At last I saw what had so burdened Christopher down. Of course it would have made him anxious. How could I have been so insensitive to what he was going through?
“Christopher, I’m sorry,” I said. “I think I’m beginning to understand.”
“Don’t worry about it. You didn’t do anything wrong.”
“Still, I’m sorry.”
“Apology accepted. Thanks. What about mine?”
“Your what?”
“My apology,” smiled Christopher, and it was good to see him smile.
“Your apology accepted, too,” I said, returning his smile.
He stretched his arm around me and pulled me closer to him where we had been sitting together on the bench. I snuggled in close, and we sat contentedly like that for five or ten minutes without saying anything more.
“It’s different for you,” said Christopher at length. “This is your family. You have been here most of your life. As much as I love your family, and as much as they have accepted me and I know they love me, I’m still not as much a part as you are.”
“Of course you are, Christopher. You and I are one now.”
“On one level. But can’t you see that to accept that fully is difficult for one like me, one who hasn’t known family like this in the past? I don’t want to be beholden to your father beyond what is proper. I appreciate all he’s done. But you heard him—the mine is now draining him financially, and there is no denying we contribute to that. If the mine’s not going to produce, then I have to begin carrying my fair share as the head of our family.”
“I see what you mean.”
“There we are again at the question of our future. We can’t just stay here indefinitely when to do so might eventually mean th
at your father would have to sell some of his land.”
“But you’ll get a job, and then you’ll begin paying for our share of the expenses. And the Supply Company’s still doing well.”

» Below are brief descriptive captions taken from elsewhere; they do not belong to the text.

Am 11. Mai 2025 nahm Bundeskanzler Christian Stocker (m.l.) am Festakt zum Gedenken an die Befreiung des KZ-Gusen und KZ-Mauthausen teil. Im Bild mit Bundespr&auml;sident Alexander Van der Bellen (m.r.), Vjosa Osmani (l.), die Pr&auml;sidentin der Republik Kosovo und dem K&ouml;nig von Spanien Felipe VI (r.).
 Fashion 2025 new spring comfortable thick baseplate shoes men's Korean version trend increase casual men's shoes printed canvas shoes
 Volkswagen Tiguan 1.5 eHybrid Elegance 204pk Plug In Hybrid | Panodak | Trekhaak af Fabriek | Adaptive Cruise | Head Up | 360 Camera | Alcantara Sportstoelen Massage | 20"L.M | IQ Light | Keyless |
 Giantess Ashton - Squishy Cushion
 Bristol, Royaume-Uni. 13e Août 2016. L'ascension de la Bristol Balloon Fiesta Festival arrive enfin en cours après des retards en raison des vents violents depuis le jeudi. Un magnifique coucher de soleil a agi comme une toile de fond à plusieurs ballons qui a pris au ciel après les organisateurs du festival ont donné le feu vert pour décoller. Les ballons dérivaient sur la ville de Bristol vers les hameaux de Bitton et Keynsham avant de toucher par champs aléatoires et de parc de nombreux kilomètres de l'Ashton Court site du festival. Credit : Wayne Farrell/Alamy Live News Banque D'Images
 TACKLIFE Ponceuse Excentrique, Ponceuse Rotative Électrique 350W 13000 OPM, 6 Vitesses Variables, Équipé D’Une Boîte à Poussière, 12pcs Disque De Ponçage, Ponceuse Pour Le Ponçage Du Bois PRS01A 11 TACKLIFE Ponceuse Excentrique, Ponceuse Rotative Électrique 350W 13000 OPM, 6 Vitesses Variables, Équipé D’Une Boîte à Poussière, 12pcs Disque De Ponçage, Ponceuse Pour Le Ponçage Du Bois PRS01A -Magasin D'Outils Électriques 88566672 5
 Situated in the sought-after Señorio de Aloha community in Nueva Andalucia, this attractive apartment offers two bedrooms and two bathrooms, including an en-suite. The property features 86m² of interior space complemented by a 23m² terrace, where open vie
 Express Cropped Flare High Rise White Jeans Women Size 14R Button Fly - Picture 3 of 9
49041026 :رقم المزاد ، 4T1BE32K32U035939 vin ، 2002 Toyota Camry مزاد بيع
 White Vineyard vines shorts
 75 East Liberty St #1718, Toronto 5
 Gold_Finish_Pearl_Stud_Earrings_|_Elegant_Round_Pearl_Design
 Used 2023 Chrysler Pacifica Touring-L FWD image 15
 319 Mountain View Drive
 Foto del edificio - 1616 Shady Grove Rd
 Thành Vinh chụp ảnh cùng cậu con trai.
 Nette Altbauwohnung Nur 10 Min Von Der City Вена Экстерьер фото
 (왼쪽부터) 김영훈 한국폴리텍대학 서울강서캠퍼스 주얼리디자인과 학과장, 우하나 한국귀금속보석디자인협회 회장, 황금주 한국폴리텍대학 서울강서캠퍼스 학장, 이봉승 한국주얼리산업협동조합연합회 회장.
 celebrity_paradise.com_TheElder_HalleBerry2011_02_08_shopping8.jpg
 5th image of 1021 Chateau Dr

“True. But there we are again at what I’m going to do with my life. Odd jobs or working for Almeda at the Mine and Freight are just not a permanent solution. I’m willing to work at anything the Lord gives me. You know that. At the same time, I want my life to count for something in people’s lives.”
“Your life will count, Christopher. You could clean out horse stalls every day and your life would count, just because of the man you are.”
“I know,” he sighed. “Of course you’re right. But I’m concerned for what kind of life I’ll be providing for you, too.”
“I will be just as happy married to a stable hand as to the President of the United States—just so long as it’s you. I don’t care where we live or how much we have. We can live in a cottage somewhere, or the back of a barn, or even in a huge mansion. It is you and me that make it a home, Christopher.”
“I know,” he smiled. “I suppose that’s another difference between men and women. Most women can be happy under any circumstances, as long as they have a man who loves them and does his best to take care of them. For a man, however, there are so many other factors that contribute to his sense of worth. A man has to try to build a meaningful life for himself and his family. It’s just the way we are. As much as I love it here right now, I could not feel worthwhile as a man if I did not try eventually to provide better for you.”
“I understand,” I said. “Just so long as you know that all I want is to be with you.”
“I think I realize that.”
Again silence fell. It was late, and all we could hear in the warm early summer’s darkness outside was the sound of crickets in branches of the oaks. Everyone else in the big house was sound asleep by now. It was probably between eleven and midnight.